By the time an architecture reaches Cost Explorer, the structural decisions that determine 80% of its cost are already locked in. The choice between DynamoDB on-demand and provisioned capacity. The Lambda memory allocation that determines execution duration. The decision to put CloudFront in front of API Gateway, or not. None of these appear in a cost report as "architectural decision made on Tuesday." They appear as line items that are expensive to change.

⚡ The core asymmetry

A configuration change at design time costs nothing and takes five minutes. The same change in production requires a deployment, possibly a migration, and carries incident risk. FinOps workflows that operate post-deployment are optimizing inside a constraint that should never have been set.
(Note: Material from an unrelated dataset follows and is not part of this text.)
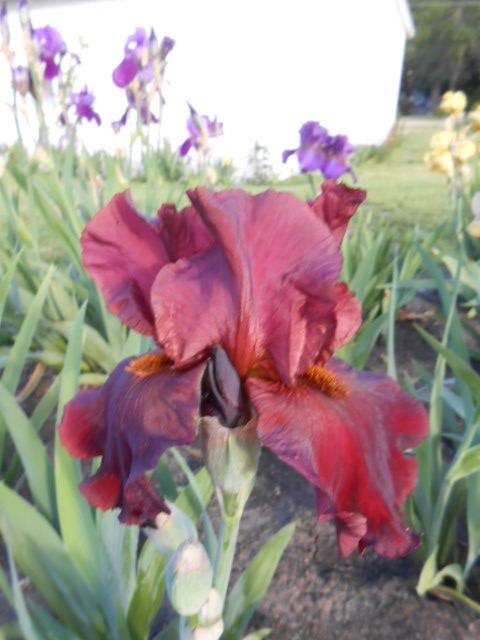 Photo of Tall Bearded Iris (Iris 'Chief Waukesha') uploaded by crowrita1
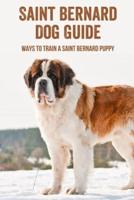 Saint Bernard Dog Guide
This post walks through a real event pipeline architecture that I designed and optimized using PinPole before any infrastructure was provisioned. The three cost findings it surfaced - two from recommendations and one from direct simulation output - represent $3,840 per month in spend that was caught and eliminated before it appeared on an AWS bill. The work took under two hours.

$3,840

monthly savings identified
before first deployment

cost findings surfaced
at design time

<2hrs

total canvas session
to reach optimized state

The old workflow and its costs

Before PinPole, my pre-deployment cost process looked like this. I designed an architecture on draw.io, then opened the AWS Pricing Calculator in a separate tab and rebuilt the same architecture manually, entering configuration values that were already in the diagram. I entered a single traffic level - usually the expected steady-state baseline - because the Pricing Calculator does not model traffic patterns. I got a static monthly estimate. I used it to brief the CTO. Then I deployed.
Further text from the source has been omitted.